If you find yourself in a difficult financial situation with multiple debts you can’t afford to pay, it is time you consider a debt consolidation loan. A debt consolidation loan is a loan you can borrow from a bank or another financial institution to pay out your other debts. In this case you get free from multiple debts to numerous lenders, instead you have a single loan. It’s a viable debt relief solution for people in bad debt situations.

Let us see what different types of debt consolidation loans are offered by different financial institutions. A debt consolidation loan can either be secured or unsecured. A secured debt consolidation loan requires collateral in order to obtain the necessary amount. In most cases people put their homes as collateral to take out the debt consolidation loan. In case of an unsecured debt consolidation loan, there is no requirement of collateral, this type of loan is based on the character and capacity of the debtor to pay out the loan. Now let us dwell on the reasons why people opt for the debt consolidation loan:

  • you have multiple debts to various lenders and you have difficulty sending checks to various creditors on different dates;
  • you face the problem of prioritizing your payments to multiple creditors, because you can’t afford to pay them all;
  • you can’t stay current on the payments;
  • you have multiple debts with various interest rates, and you would like to have a single interest rate and a single loan;
  • you would like to lower your monthly payments;
  • you are a home owner and would like to leverage your home’s value in order to pay your credit card debts, store card debts and etc.

In order to qualify for a debt consolidation loan you need to present the following documents to the financial institution:

  • a copy of your monthly family budget. The financial institution has to determine whether you meet your loan repayment plan;
  • a document certifying your steady income that allows you to repay the loan;
  • in some cases a co-signor or collateral (a house or a car).

Before you go for a debt consolidation loan you should make some important verification. First of all, avoid companies that charge big fees before they offer you any kind of services. Mind that there are plenty of fraudulent companies willing to take advantage of your situation. Evaluate the interest rate on the debt consolidation loan of your choice. Mind that the secured loan has smaller interest rate that the unsecured debt consolidation loan. Also make sure that you’ll be paying a less monthly payment than you were paying on your multiple debts.

Before you opt for the debt consolidation loan you must ask your financial expert about the effect on your credit score. Avoid lenders who do not give consultations on this issue. Once you decide that a debt consolidation loan is the right solution for you, you should assess your financial situation and the total amount of debt you owe. You need to work out a monthly budget, where you can see the total amount of income you have, the spending and emergency cases. You must have a clear idea of how much you would like to borrow as a debt consolidation loan and will you be able to pay the given amount, because if you fail to do so, it will affect your credit score adversely.

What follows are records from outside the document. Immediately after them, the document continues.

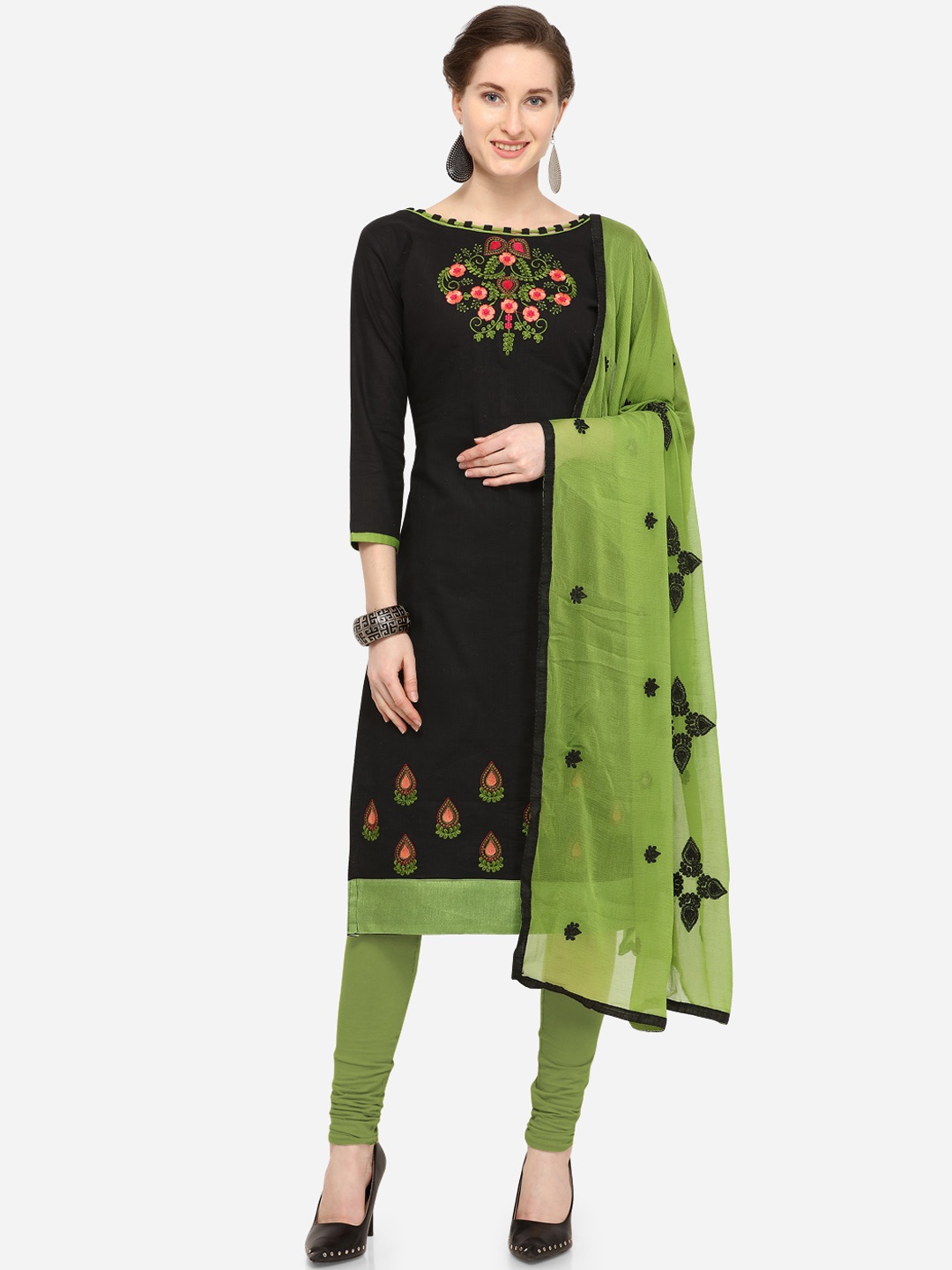 

Blissta Black & Green Cotton Blend Unstitched Dress Material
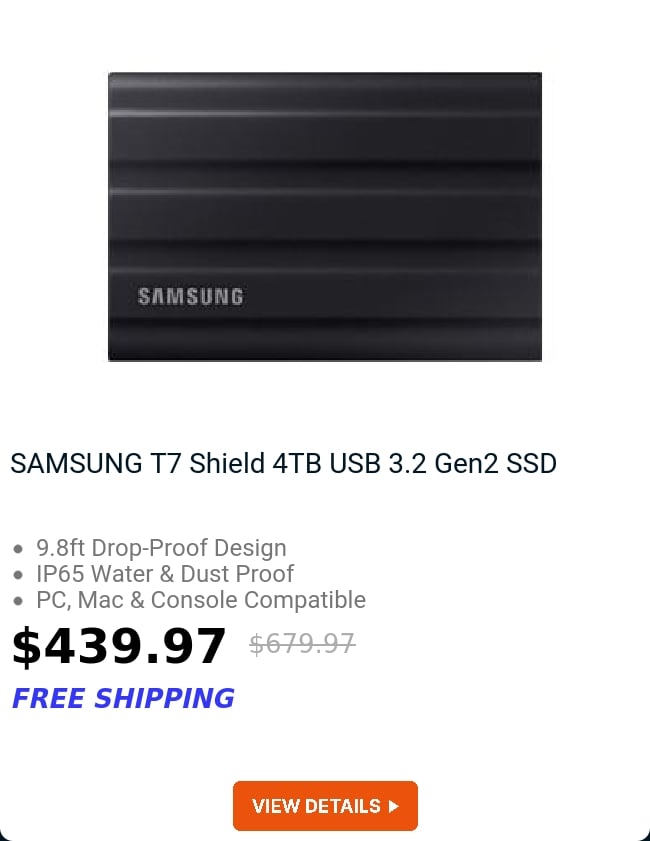 SAMSUNG T7 Shield 4TB USB 3.2 Gen2 SSD 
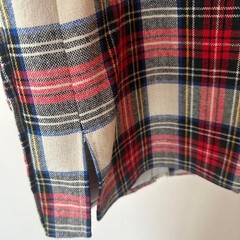 Vintage handmade wool Red, white, and black plaid button-up shirt with pockets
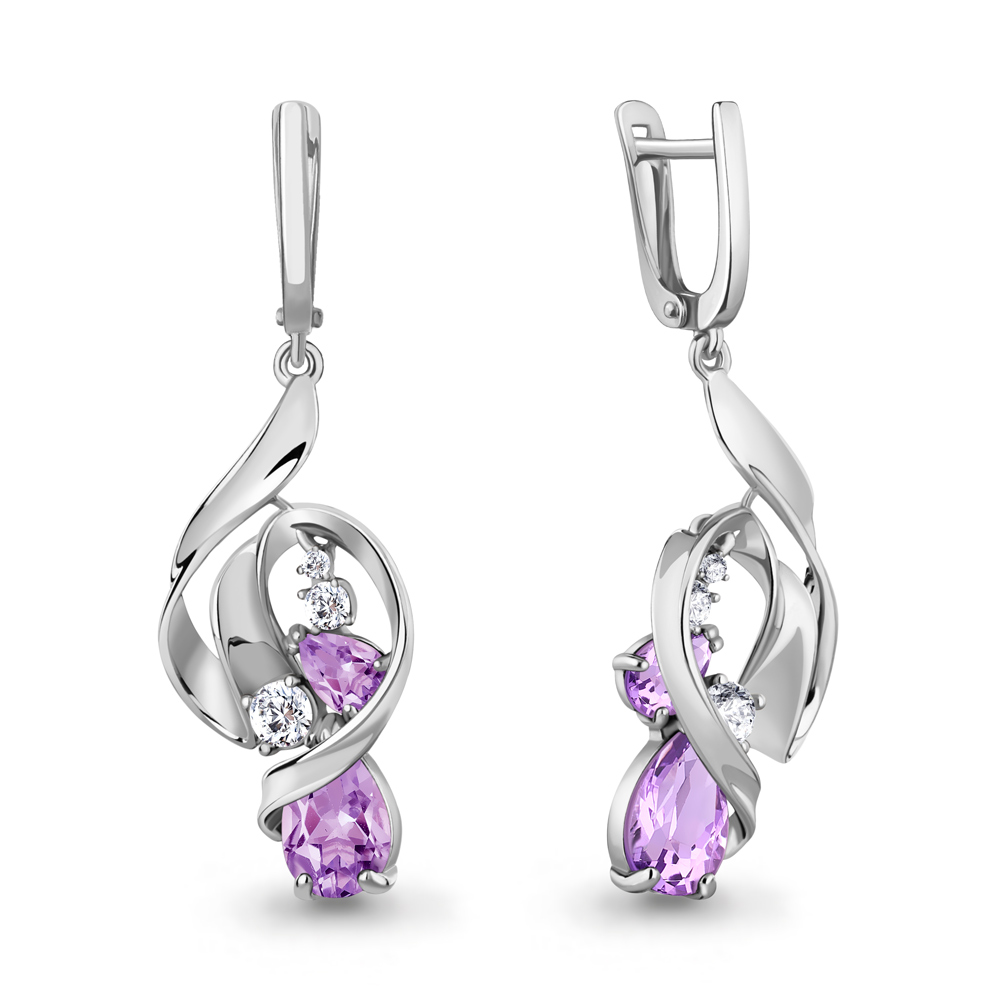 4760504А Серьги из Серебра с аметистами, фианитами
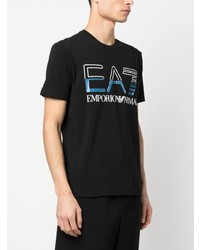 T-shirt à col rond imprimé noir Ea7 Emporio Armani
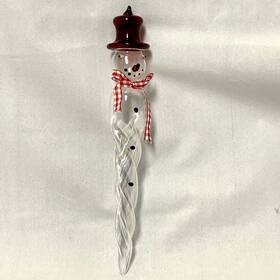 Old World Christmas 729343240484 Icicle Snowman Ornament Hand Blown Glass Twisted Ice Tree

So, a debt consolidation loan can actually get you out of debt, but only if you stay self-disciplined, stick to the budget and stop overspending. In case you continue with the lifestyle that brought you in debt up to your eyeballs, then in two or three years you will find yourself in a situation far worse.

Summarizing the above-said, let us see the advantages of a debt consolidation loan:

  • all your multiple debts with various high interest rates are combined into a single loan with a lower interest rate;
  • you finally pay out your current debts;
  • a single payment with a single interest rate helps you manage your budget better, helps you cut off the late or missed payments;
  • you only deal with one lender, so there are no more harassing creditors on the phone.

However, there are some disadvantages, too: 

  • a lower interest rate implies smaller amount of monthly payments, but a longer repayment period;
  • if you wish a small interest rate you have to pledge your house or a car, but remember that if you fail to pay out you may lose your assets;
  • a big loan on your record can sometimes affect adversely your credit score;
  • a debt consolidation loan offers debt relief for your existing debts, but it doesn’t solve the problem of poor spending habits and inability to stick to the budget and live a life you can afford.